SU748822A1 - Pulser - Google Patents

Description

(54) PULSE GENERATOR

one ,

The invention relates to a pulse technique and can be used to form rectangular voltage pulses and a linearly increasing current in inductive loads, for example, in electromagnets of accelerators of charged particles, pulse transformers.

Pulse generators are known that contain a storage capacitor bank connected to the load through a switching node, which is a combination of unmanaged and controlled gates 1 and 2. g

A device is known in which the formation of a rectangular voltage pulse 1 is possible.

However, their minimum duration is limited by the conditions of the artificial switching 20 by fans, and, moreover, the device does not provide for the magnetization reversal of the electromagnet core.

The closest to this invention by its technical nature is a pulse generator containing two main storage capacitor batteries, the common point of one of the leads of which are connected directly to the common point of the JQ

the coil of the electromagnet and is grounded, connected by other leads of the plates to the windings of the electromagnet through the main controlled and uncontrollable valves and through the energy input diodes to the free terminals of the series-connected power sources, the common point of which is grounded 2.
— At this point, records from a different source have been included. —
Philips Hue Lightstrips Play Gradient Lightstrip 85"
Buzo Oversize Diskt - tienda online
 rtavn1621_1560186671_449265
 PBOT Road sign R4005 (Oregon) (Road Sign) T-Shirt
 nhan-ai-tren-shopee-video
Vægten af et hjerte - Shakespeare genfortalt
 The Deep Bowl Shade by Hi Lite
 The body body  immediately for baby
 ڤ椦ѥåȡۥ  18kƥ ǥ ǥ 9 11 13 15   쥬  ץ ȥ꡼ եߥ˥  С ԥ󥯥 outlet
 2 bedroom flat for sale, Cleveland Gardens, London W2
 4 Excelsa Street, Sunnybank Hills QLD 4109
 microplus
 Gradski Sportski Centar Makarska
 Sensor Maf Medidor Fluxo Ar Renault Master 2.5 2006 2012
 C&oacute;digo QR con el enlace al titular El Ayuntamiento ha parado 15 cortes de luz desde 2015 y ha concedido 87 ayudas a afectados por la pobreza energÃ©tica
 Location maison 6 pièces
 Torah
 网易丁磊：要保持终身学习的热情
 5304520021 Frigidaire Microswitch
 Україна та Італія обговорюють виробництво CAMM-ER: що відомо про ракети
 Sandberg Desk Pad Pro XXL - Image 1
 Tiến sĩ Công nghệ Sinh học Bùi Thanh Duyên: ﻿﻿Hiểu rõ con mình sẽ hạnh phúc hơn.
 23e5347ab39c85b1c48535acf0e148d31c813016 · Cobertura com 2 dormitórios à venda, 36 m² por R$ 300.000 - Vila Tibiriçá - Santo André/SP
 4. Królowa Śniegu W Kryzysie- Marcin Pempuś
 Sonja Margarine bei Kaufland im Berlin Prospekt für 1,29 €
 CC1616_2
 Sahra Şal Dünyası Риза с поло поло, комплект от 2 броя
The disadvantages of this device are the absence of magnetic reversal of the core during the operation of the device, which leads to an increase in the weight of the electromagnet; in addition, the operation of the device is fundamentally possible only from high-voltage power sources that require matching transformers; with j asymmetries of the inductances of the electromagnet, one | of the power sources will work more loaded, and at certain ratios of the energy stored in the inductances of the electromagnet, and the energy of losses in the circuits, one of the rectifiers can be turned off.

The purpose of the invention is to reduce the weight of an electromagnet, to eliminate the effect of load unbalance and to ensure the operation of the generator from low-voltage power sources.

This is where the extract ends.